*Input for this task*.
▼
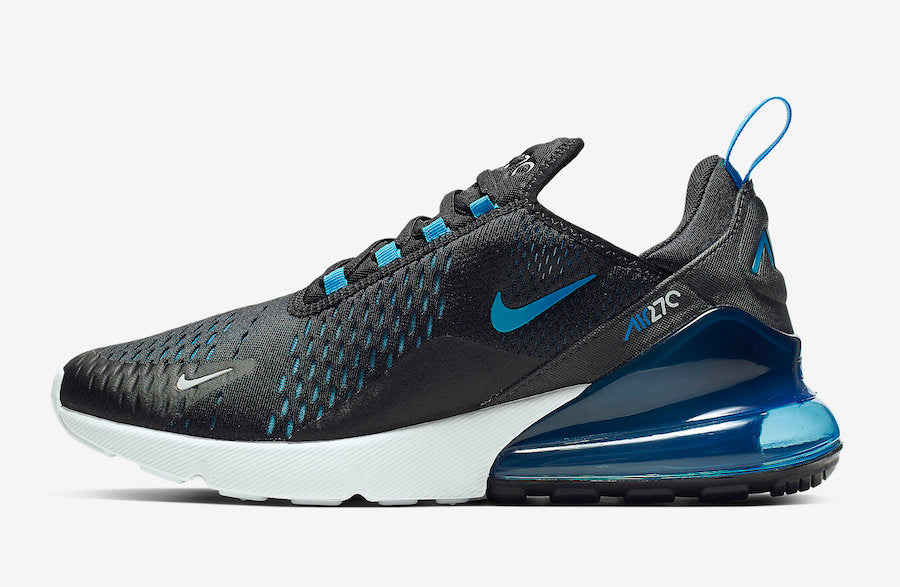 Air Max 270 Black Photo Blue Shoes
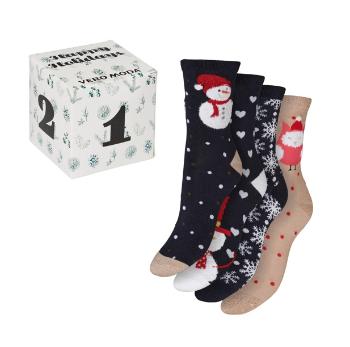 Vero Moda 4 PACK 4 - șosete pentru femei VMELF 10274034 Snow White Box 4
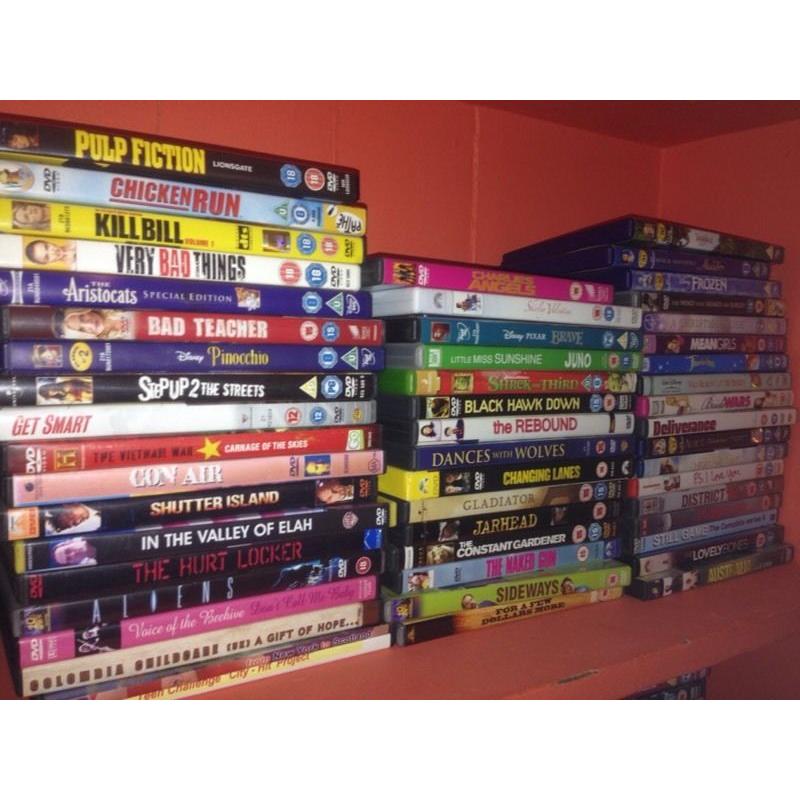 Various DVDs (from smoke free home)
▲
▼
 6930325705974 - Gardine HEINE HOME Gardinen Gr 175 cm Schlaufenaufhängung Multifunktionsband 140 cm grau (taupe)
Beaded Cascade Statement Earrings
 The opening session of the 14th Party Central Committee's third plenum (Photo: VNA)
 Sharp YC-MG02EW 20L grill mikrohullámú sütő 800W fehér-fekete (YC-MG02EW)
▲
▼
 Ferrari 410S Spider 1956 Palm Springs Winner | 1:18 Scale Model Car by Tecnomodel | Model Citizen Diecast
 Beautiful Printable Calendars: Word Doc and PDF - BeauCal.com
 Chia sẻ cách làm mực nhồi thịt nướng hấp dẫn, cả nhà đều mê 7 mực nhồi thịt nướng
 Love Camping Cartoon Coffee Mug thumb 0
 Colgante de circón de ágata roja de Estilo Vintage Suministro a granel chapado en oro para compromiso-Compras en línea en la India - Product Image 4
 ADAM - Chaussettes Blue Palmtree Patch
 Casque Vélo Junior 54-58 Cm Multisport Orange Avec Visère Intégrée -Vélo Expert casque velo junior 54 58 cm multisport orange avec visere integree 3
▲
*What this task involves*. Everything in the material above from the line that has "Beaded Cascade Statement Earrings" through the line that has "Sharp YC-MG02EW 20L" must be duplicated exactly, with no other lines given.

*Solution to this task*.
Beaded Cascade Statement Earrings
 The opening session of the 14th Party Central Committee's third plenum (Photo: VNA)
 Sharp YC-MG02EW 20L grill mikrohullámú sütő 800W fehér-fekete (YC-MG02EW)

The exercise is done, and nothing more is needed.